Hi, I'm Wendy, and I would love to introduce to you some of my most favorite props that I find helpful to use during pregnancy when you're practicing Pilates or just exercising at home. So the first one is the small Pilates ball, and you can use this fully inflated or just sort of inflated medium or almost deflated for a variety of support during your pregnancy. So I like to use a deflated ball sometimes just when I'm sitting at my desk or even driving to put under my pelvis, just to help with that pelvic mobility and pelvic alignment during pregnancy. And of course an inflatable can really help for alignment, engaging your inner thighs, which can really help with your pelvic floor. My most favorite prop is the foam roller.
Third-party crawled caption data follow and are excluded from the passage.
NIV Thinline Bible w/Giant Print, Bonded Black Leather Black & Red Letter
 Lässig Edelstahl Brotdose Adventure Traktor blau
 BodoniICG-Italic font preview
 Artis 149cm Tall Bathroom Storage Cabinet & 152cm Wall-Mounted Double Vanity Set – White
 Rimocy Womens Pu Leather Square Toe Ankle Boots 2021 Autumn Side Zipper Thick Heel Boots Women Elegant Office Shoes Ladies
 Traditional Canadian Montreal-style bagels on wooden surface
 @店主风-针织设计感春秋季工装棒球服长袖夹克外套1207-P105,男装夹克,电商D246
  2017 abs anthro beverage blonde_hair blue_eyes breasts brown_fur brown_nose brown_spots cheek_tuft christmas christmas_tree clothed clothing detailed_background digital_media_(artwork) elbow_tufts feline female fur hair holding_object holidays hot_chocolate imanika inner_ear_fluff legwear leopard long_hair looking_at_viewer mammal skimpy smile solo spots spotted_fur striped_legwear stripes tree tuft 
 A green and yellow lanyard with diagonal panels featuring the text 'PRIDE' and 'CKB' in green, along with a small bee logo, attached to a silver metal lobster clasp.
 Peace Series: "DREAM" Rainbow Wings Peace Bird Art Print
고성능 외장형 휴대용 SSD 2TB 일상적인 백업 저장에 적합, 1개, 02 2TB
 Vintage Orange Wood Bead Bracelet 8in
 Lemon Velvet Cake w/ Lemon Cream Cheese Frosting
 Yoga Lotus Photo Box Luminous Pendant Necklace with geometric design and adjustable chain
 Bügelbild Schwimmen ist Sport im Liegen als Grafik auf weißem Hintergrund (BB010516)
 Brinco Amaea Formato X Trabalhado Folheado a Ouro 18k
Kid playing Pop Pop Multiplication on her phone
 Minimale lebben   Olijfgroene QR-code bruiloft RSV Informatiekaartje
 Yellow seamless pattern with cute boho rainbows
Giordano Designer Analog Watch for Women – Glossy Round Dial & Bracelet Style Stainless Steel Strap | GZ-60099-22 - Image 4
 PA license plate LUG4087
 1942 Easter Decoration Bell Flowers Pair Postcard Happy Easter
So I like to start every single exercise workout that I do with the foam roller to get me into my ideal alignment. And during pregnancy, this can be really beneficial as well. If you're feeling unsure about how to get on and off of the foam roller, especially in your third trimester, you're gonna want to check out one of our other videos that's coming up to show you how to exercise on the foam roller, or you can even use the wall and use it standing against the wall to get some of those same benefits. The TheraBand is a great exercise tool as well. And in fact, it's even recommended through ACOG, which is the American Congress of Obstetricians and Gynecologists to specifically use a TheraBand during pregnancy.
It's great for building strength and it's safe as well. So you'll want a medium strength resistance band. And then of course the stability ball. The stability ball is something every mom-to-be and new moms should have somewhere in their home. It's great during pregnancy to help with spinal decompression.
Just by sitting on the ball can be really beneficial. It can also help you just to activate your core to stay on the ball. And postpartum, it can be fabulous for just bouncing baby gently and rocking them to sleep. And then the Magic Circle. So the Magic Circle is also great for upper body strength that you're going to need after you have that baby, to carry and lift and hold.
And also it can really help with your inner thigh strength, outer thigh strength, which can also help with that pelvic floor engagement and pelvic floor alignment. So I hope that you have at least one or two of these tools at your disposal. And I look forward to working out with you using these Pilates props.